3. Submit Incomplete Punctures
Your physician may decide to discontinue a puncture if continuing the procedure could be risky (such as, continuing might endanger the patient's well-being).
"A procedure, either diagnostic or therapeutic, may be discontinued in an extenuating circumstance or if the well-being of the patient was in jeopardy," says Thomas.
An incomplete service is a service that was stopped "due to the patient's inability to tolerate or a malfunction of equipment," adds Hall. Use modifier 53 (Discontinued procedure ....) with the procedure code to indicate a service was discontinued.
Example: You may read in the operative note that while undergoing a puncture to obtain a diagnostic sample of spinal fluid, the patient developed respiratory distress or numbness and tingling in the legs. The puncture was then discontinued by the physician. "You would report the procedure with CPT® 62270 with modifier 53 letting the payer know that this procedure was discontinued," says Thomas.
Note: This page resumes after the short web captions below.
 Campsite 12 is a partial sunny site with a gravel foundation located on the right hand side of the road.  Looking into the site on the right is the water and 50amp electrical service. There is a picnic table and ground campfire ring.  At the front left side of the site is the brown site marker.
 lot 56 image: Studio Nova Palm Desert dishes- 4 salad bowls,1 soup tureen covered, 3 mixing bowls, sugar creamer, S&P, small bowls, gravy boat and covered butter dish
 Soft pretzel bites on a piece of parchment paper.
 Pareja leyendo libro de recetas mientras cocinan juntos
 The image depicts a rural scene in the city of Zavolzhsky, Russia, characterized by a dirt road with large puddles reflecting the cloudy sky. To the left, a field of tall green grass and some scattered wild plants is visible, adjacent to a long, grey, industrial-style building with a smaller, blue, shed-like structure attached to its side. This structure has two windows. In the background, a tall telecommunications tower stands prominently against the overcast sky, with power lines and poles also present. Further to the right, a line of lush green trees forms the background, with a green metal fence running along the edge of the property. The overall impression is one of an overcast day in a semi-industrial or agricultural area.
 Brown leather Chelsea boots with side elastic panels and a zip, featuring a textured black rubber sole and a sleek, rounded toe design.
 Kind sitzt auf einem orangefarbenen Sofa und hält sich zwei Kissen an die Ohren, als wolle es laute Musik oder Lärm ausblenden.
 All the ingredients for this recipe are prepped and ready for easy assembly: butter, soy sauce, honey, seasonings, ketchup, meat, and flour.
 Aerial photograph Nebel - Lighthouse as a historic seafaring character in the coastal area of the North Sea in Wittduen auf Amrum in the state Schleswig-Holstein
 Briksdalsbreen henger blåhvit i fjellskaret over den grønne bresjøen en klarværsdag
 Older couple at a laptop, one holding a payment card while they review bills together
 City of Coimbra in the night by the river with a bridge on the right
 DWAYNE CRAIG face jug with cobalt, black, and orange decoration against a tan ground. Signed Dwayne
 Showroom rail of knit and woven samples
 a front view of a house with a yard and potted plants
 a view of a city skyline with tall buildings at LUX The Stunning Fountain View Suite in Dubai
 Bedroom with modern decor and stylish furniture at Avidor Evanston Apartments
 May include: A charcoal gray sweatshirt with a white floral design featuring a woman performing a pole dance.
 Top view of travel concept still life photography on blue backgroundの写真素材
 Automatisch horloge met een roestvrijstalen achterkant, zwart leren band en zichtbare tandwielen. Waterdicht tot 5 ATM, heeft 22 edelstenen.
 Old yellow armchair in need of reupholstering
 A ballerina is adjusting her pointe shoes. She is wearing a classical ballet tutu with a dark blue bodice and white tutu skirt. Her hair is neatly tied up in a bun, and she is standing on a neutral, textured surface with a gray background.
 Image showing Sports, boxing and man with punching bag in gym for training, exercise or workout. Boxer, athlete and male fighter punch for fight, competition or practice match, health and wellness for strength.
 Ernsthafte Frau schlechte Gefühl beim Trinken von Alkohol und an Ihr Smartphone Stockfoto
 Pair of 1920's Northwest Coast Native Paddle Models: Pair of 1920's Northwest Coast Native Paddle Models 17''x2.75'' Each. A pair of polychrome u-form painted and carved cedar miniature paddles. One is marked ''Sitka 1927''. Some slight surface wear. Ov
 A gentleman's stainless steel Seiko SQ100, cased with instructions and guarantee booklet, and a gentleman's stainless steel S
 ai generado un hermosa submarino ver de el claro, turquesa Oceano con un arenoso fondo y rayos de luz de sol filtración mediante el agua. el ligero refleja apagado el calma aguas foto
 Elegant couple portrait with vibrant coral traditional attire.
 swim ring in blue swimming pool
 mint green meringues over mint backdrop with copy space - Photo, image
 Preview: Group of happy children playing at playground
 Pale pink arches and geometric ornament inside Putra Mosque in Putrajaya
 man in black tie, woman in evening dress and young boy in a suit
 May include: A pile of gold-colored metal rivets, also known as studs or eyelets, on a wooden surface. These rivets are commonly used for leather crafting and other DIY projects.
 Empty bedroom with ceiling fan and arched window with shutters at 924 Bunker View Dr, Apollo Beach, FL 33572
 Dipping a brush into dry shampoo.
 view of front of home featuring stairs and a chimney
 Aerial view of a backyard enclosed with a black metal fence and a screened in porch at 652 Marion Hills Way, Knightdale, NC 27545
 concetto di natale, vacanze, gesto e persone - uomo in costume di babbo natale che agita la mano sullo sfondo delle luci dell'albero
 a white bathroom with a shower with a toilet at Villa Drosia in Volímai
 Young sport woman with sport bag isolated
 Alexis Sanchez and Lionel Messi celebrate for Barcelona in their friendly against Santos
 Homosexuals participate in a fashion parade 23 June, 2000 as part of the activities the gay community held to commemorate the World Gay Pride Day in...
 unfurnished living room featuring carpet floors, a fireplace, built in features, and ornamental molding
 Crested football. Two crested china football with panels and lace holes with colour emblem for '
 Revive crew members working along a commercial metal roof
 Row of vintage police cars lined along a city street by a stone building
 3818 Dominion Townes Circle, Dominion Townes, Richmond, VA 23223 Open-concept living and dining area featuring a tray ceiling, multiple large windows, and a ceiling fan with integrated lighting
Tip: You also append modifier -53 when your physician decides to discontinue the procedure due to any equipment failure or because the physician sustained a prick or other injury during the attempt. Modifier 53 implies the unexpected circumstance that necessitates the discontinuation of the puncture.
Appendix A of CPT® explains, "Under certain circumstances, the physician may elect to terminate a surgical or diagnostic procedure. Due to extenuating circumstances or those that threaten the well-being of the patient, it may be necessary to indicate that a surgical or diagnostic procedure was started but discontinued. This circumstance may be reported by adding modifier 53 to the code reported by the physician for the discontinued procedure."
Exception: You do not report a procedure that is electively discontinued. For example, your physician may decide not to perform a scheduled puncture because the patient's symptoms have completely resolved," says Hammer.